Obviously you could make the Github Page load a dynamic page that checks auth, but I guess they wanted scalability more than they wanted features, and that's what we arrived with.

TL;DR: I'm not that baffled. If a feature isn't in the spec, you shouldn't expect an implementation that makes it easy to add that feature.




You can still put a static page behind authentication, it doesn't have to immediately be a dynamic page with database interaction.


I agree; you can easily have an authenticating proxy. Like I said, I'm guessing that they decided it was a static page on a public CDN first, so now it's hard to add an authenticating proxy on each CDN node. If they wanted auth from the start, then it wouldn't be a static page sitting on a CDN node, and it would be easy to add. (But harder to scale to a CDN, and thus we'd see a lot of Github Pages sites slashdotted or whatever.)
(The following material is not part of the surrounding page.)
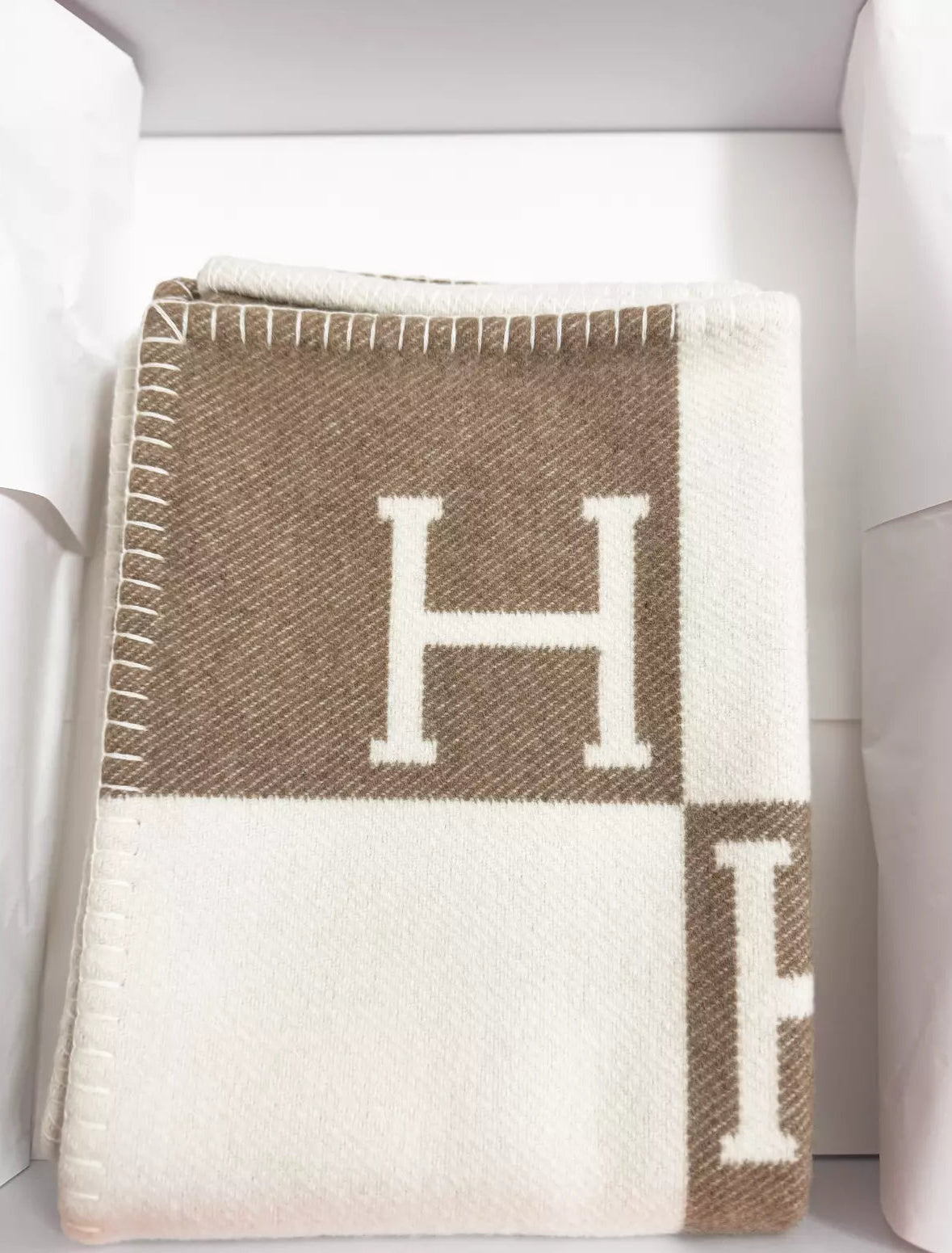 HAVEN BLANKET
I could easily be completely wrong about this. But it's interesting, to me, to consider the order that features were requested, and how that affects future feature requests. Sometimes you paint yourself in a corner and make easy things hard. Something to think about as you plan your own software!


If you ask me, any page whose behavior depends on the currently logged-in user's identity, including the list of groups they're a member of, is not "static" in any meaningful sense.


Most people use "static" to mean that there is only one version of a response body. I guess denying access is technically a second version of the response body, but that's kind of a stretch because the layer where the body lives (ok, the two bodies: one for 200 and one for 403) doesn't need to be capable of business logic (like conditionals, db queries, etc.) during the request/response cycle. It uses them in perpetuity without tailoring them to the session.


You can put an image behind an login. The page or whatever content that's behind the auth wall doesn't even even have to be aware of that wall.